Relationships between the reduction in sample linear dimensions and the aging time for samples aged in seawater

Samples aged in the air were tested for mass stability. Heating of PU foam in the air resulted in a reduction in sample mass. The decrease scale depended on the heating temperature and was significantly greater for aging at 80 °C (Fig. 6). Heating at 40 °C resulted in a gradual increase in the mass reduction from 1.66% (for samples heated for 2 weeks) to 2.08% (for samples heated for 10 weeks). Heating at 80 °C resulted in a radical mass reduction after 2 weeks of heating, which remained constant during further heating until the end of the experiment duration.

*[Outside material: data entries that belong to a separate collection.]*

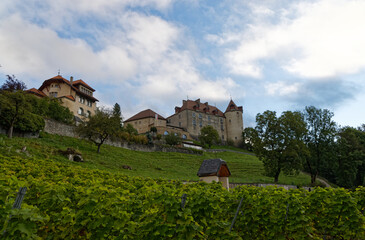 Wall Mural - le château de Gruyères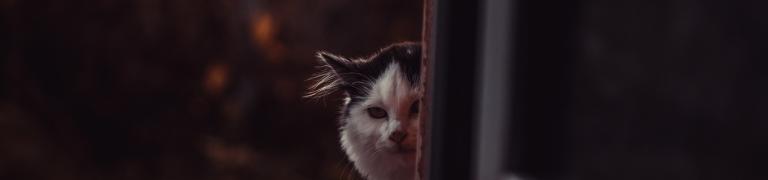 Omgaan met vuurwerk: hoe je je kat kunt helpen tijdens de feestdagen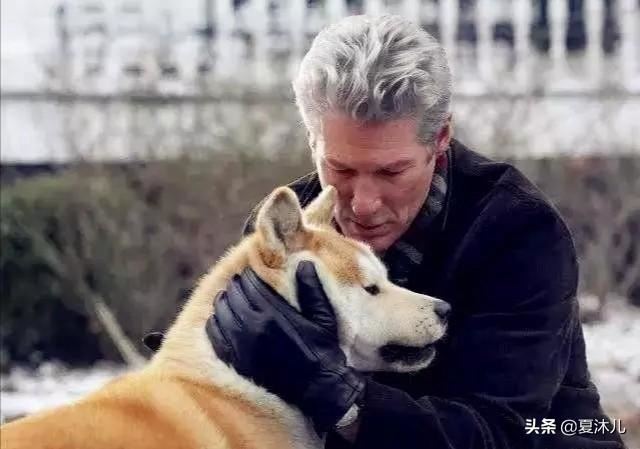 请问有什么电视剧或电影很感人的可以哭得稀里哗啦的？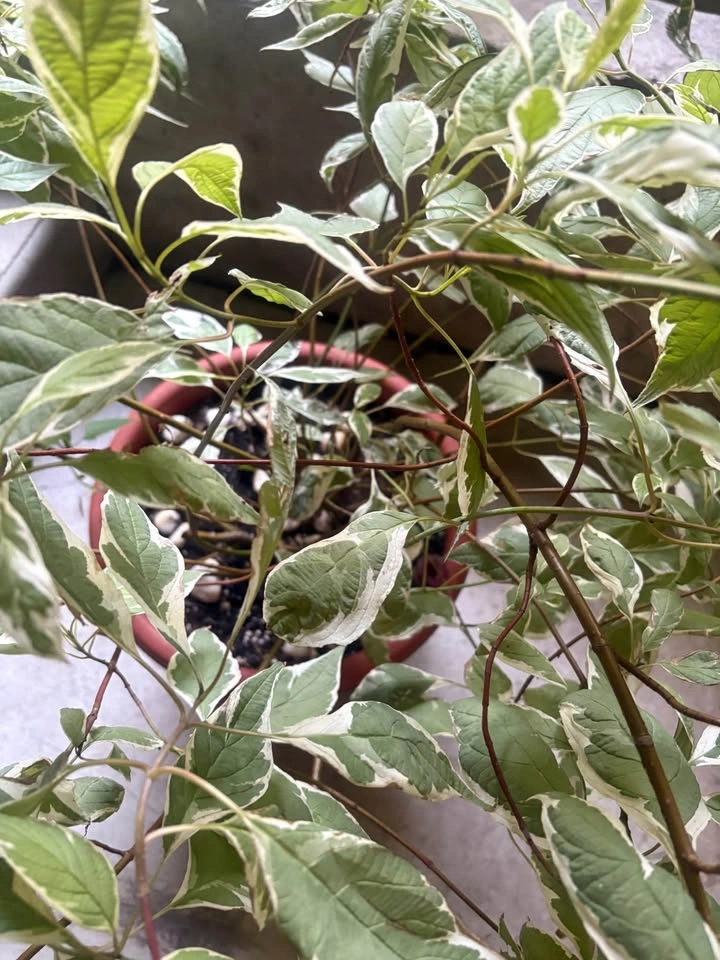 Large Red Osier Dogwood – $75 - photo 2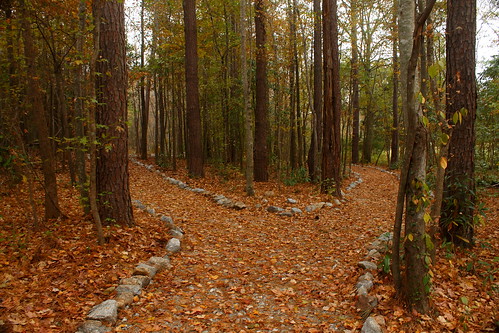 nature leaves path creation walkingtrail canonefs1855mmf3556isii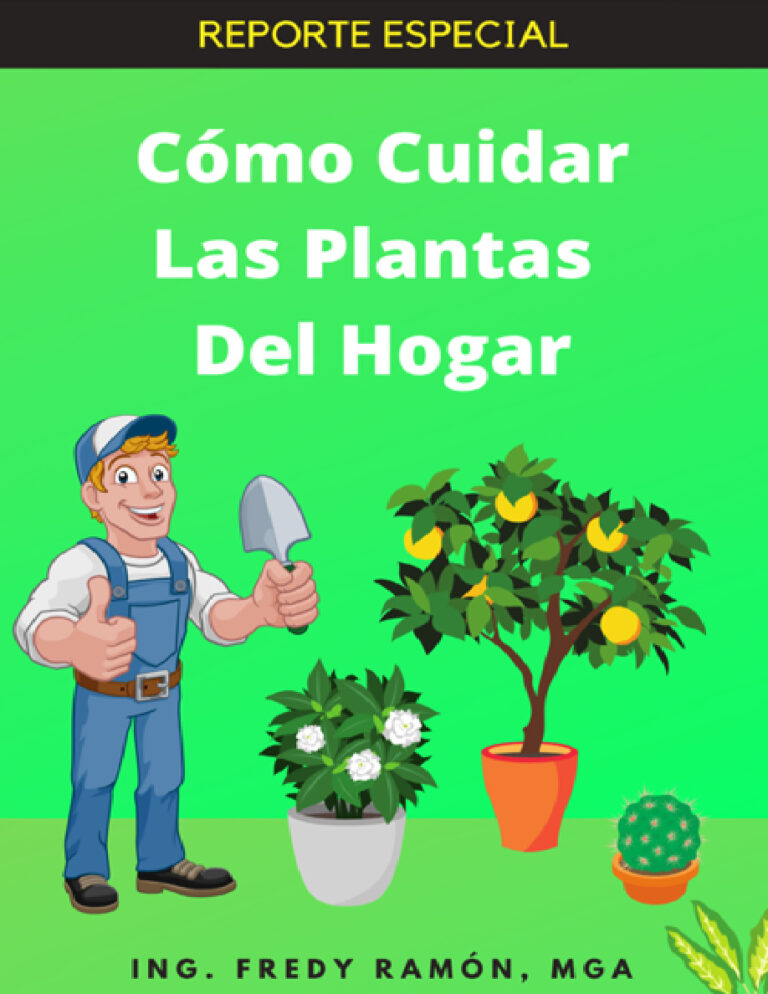 Como Cuidar las Plantas del Hogar Spanish Edition Fredy Ramon Kitap Kapağı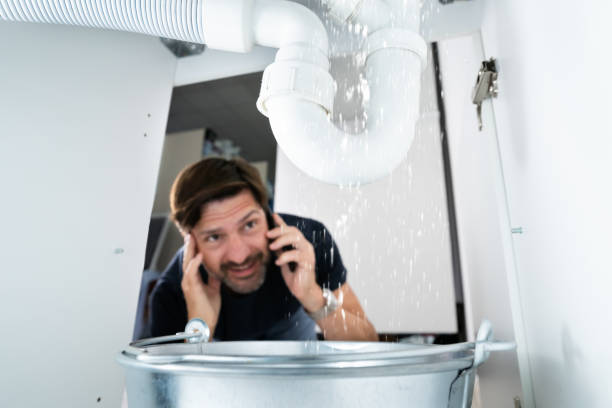Best Sprinkler Systems  in Frankfort, IN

The average mass loss observed for those samples corresponded to 5.36 ± 0.21%.

Fig. 6
figure 6

Relationships between the reduction in sample mass and the aging time for samples aged in the air

Samples heated in seawater were tested for water absorption. For comparison purposes, the WS of the starting foam was tested too. The results of these measurements are shown in Fig. 7. As can be seen, the foam before aging was characterized by the WS of 75.0%. The aging resulted in the gradual increases in the WS values. Heating at 40 °C resulted in the WS value from 75.5% (for samples aged for 2 weeks) to 86.4% (for samples aged for 10 weeks). Heating at 80 °C resulted in the greater increases in the WS values, which ranged, respectively from 77.4 to 93.9%.

Fig. 7
figure 7

Relationships between the water absorption and the aging time

The original sample of the PU foam was subjected to DSC testing. As shown in Fig. 8, heating the starting foam to the temperature of 350 °C revealed the occurrence of the following processes: the glass transition (Tg = 59.50 °C), exothermic process (Tmax = 225 °C), endothermic process (Tmin = 259 °C) and less pronounced endo- and exothermic processes above 270 °C. The thermogram of the second heating run showed a shift of Tg to a higher value (Tg = 84.06 °C) and the disappearance of peaks corresponding to exo- and endothermic processes.

Fig. 8
figure 8

Comparison of the DSC thermograms, representing the first and second heating runs of an original PU foam

Figures 9 and 10 show the results of DSC tests on the aged PU foams. Figure 9 shows an exemplary change in the Tg value that occurred after 10 weeks of aging of the PU foam at 80 °C in seawater. Figure 10 summarizes the set of results for Tg.

Fig. 9
figure 9

Comparison of the DSC thermograms of an original PU foam and the foam aged in seawater at 80 °C for 10 weeks

Fig. 10
figure 10

Glass transition temperature of tested samples

As shown in Figs. 9 and 10, aging caused the Tg increase. Figure 10 shows that the temperature had a much stronger effect on Tg than the environment and time. Just after two weeks of aging, the Tg values increased and achieved a certain level, specific for the particular aging conditions: temperature and environment. Further heating did not cause significant changes in the Tg value. The average Tg value that was observed for the samples aged at 40 °C in the air was the lowest and was of 62.9 ± 5.7 °C, which compared to the Tg of the original sample corresponded to a 6% increase. The average Tg value of the samples aged at 40 °C in seawater was higher and was of 73.6 ± 3.0 °C, which compared to the Tg of the original sample corresponded to a 24% increase. Heating the samples at 80 °C (regardless the environment) resulted in an almost twofold increase in Tg in the relation to the Tg of original sample. The average Tg value of the air-aged samples was of 103.5 ± 4.0 °C, whereas that of the seawater-aged samples was of 110.5 ± 3.1 °C. These average values of Tg corresponded to the increases in, respectively, 74 and 86% when compared to the starting material.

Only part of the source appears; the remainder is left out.